In this photo, one can see a seated person on a throne: parts of which are showing painted designs of mystical animals.
The Maritime Inscription
Jean-Baptiste Colbert (1619-1683) was the founder of the French Merchant Marine. Many of the boats were constructed from decimated woods of the Perigord and the pine forests of the Pyrenees. At the same time they needed men to man the boats. It was from this time the Maritime Inscription was created, at the end of naval military service. Citizens of Auvillar took part in the American campaign between 1790 and 1792. When, in the 18th century, the war needs of the navy decreased, the sailors turned to sea trading. The development of the West Indies colonies made Bordeaux the most important port for embarkment.
The Mill on the River
Until the 17th century flour-milling was not just a local industry comprising of a number of mills scattered about the countryside. Mills often follow two models: ‘Moulin de Pech’ – (mill high up) and ‘Moulins à Nef’ (mills on the river). In particular, there were river mills in the little valleys of the Arratz river. After that time, the middle Garonne became well-known for wheat and the Garonne became the river of the Mills on water. The origin of the river mills came from the 1st century. In the Middle Ages most of the larger French and European rivers welcomed the boat-mills. The river mills consisted of two ‘nefs’ (boats 12 metres long) separated by a paddle wheel, turned by the current. The river mills were to be found on the navigation route and interrupted the passage of boats. There were many accidents. From 1792 the mooring and repairing of the river mills were the subject of a number of arrests. From the 5th of May 1835, the bridges and the roadways were forbidden for the repair of mills and the mills finally disappeared.
The Port of Auvillar
Ports are known as “crossings” or “slipways” or simply “port”. They are in two categories; those which are for traffic and those where the people of the river trade. Auvillar is of the second category. In 1789 there were 49 families of sailors. Originally the port of Auvillar was an old toll called “place of carnival” or “crossing”. This toll was in existence in 1204. The Viscounts had authorisation to level the right of their status on the goods carried by foreigners into the town, or only passing through the port of Auvillar. Certain Viscounts set up ambushes with many armed men on boats across the river. A certain number of Garonne tolls were situated not far from the site of a chateau. The toll of Auvillar was sited under the chateau of Viscounts who dominated the area of the large river for a certain number of metres. The origin of the Lordships, like Auvillar, tie in with the institution of the tolls, which followed the fortunes of the Viscount of Auvillar and the Lomagne.
The ferries on the Garonne
The owners of the ferries were called the ‘fermiers’. They were not allowed to transport more than 50 people. The use of the ferry could not take place between sunset and sunrise. For sure the unpredictable changes of current and water level of the Garonne upset many trips from one bank to the other.

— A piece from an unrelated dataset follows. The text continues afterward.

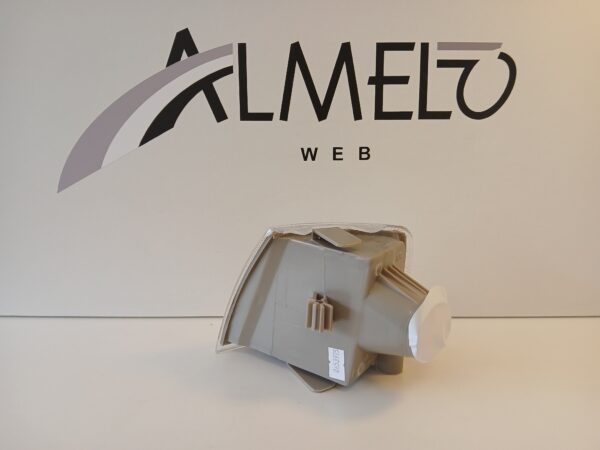 Opel Vectra 88-92 parem suunatuli 3763904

The Bridge over the Garonne
The unstable nature of the Garonne, the absence of solid banks and the width of the flood plain made difficulties for the construction of bridges. The Garonne was known as a river without bridges. There was not a single bridge from Bordeaux to Toulouse. The community of Auvillar were appealed to by the society of makers of iron bridges in 1841 to construct a suspension bridge to replace the existing ferryboat. It was necessary to have the right to a toll bridge for 49 years to help defray the costs of the construction. The ferry ceased operations in July 1845 when the bridge came into service. The bridge suffered serious damage in 1856 and 1857 and was subject to numerous repairs. It was in use until until 1939 when it was replaced by the bridge you see today.